-- Work request --
Omit any pictures, and restate word for word only the lines from the one with "Taylor K28e-Brian's Guitars" through the end of the data below.

____________

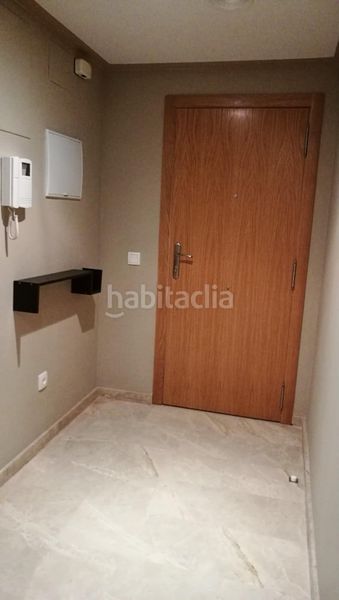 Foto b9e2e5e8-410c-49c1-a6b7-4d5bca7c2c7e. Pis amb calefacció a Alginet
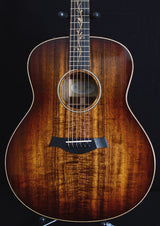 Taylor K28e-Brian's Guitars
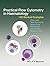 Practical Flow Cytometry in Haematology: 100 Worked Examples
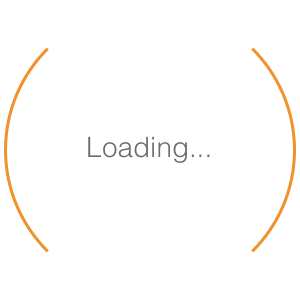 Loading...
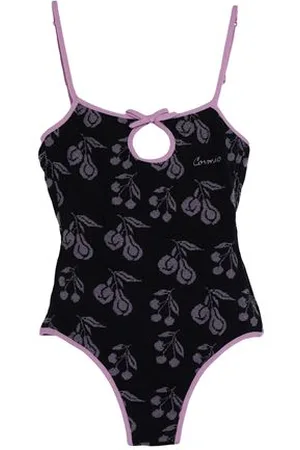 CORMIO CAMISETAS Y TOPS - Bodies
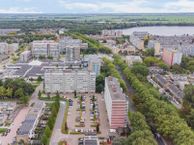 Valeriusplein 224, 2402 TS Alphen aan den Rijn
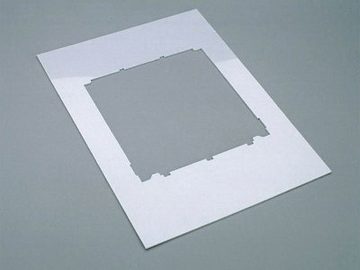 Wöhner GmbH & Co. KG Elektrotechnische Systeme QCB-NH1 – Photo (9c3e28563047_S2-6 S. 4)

____________

-- Your response --
 Taylor K28e-Brian's Guitars
 Practical Flow Cytometry in Haematology: 100 Worked Examples
 Loading...
 CORMIO CAMISETAS Y TOPS - Bodies
 Valeriusplein 224, 2402 TS Alphen aan den Rijn
 Wöhner GmbH & Co. KG Elektrotechnische Systeme QCB-NH1 – Photo (9c3e28563047_S2-6 S. 4)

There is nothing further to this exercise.